JL: Do you still get nervous?

AP: I still get butterflies. I can’t sleep the first night before shooting. The night before I was due to work with Madonna for the first time, I was a wreck. I didn’t sleep at all. But at the same time I still get so excited with what I get to do. And still recognise how lucky I am being out there working with such creative people; being in Paris with Madonna and going out to dinner with Jean Paul Gaultier, receiving three Oscar nominations. I mean, there’s just so many ‘pinch me’ moments. 

JL: Which was the first mainstream movie you got work on?
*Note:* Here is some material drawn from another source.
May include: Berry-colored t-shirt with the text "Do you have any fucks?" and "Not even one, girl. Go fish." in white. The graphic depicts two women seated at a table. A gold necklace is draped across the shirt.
AP: My first big break was doing The Crow [Alex Proyas’ 1994 thriller] but I couldn’t embrace that as a success because it was a tragedy. It was Brandon Lee [who was accidentally killed on set] who had invited me to work on it. So the joy of it was completely demolished. Then I did a small film for HBO directed by Christopher Guest called Attack of the 50-Foot Woman and then I worked on Tank Girl. But I would say that The People vs. Larry Flynt was my first legitimate character-driven, non-genre film. I felt like I could earn my parents’ respect because I had seen Milos Forman films with them back in the day. So that was a seminal moment for me.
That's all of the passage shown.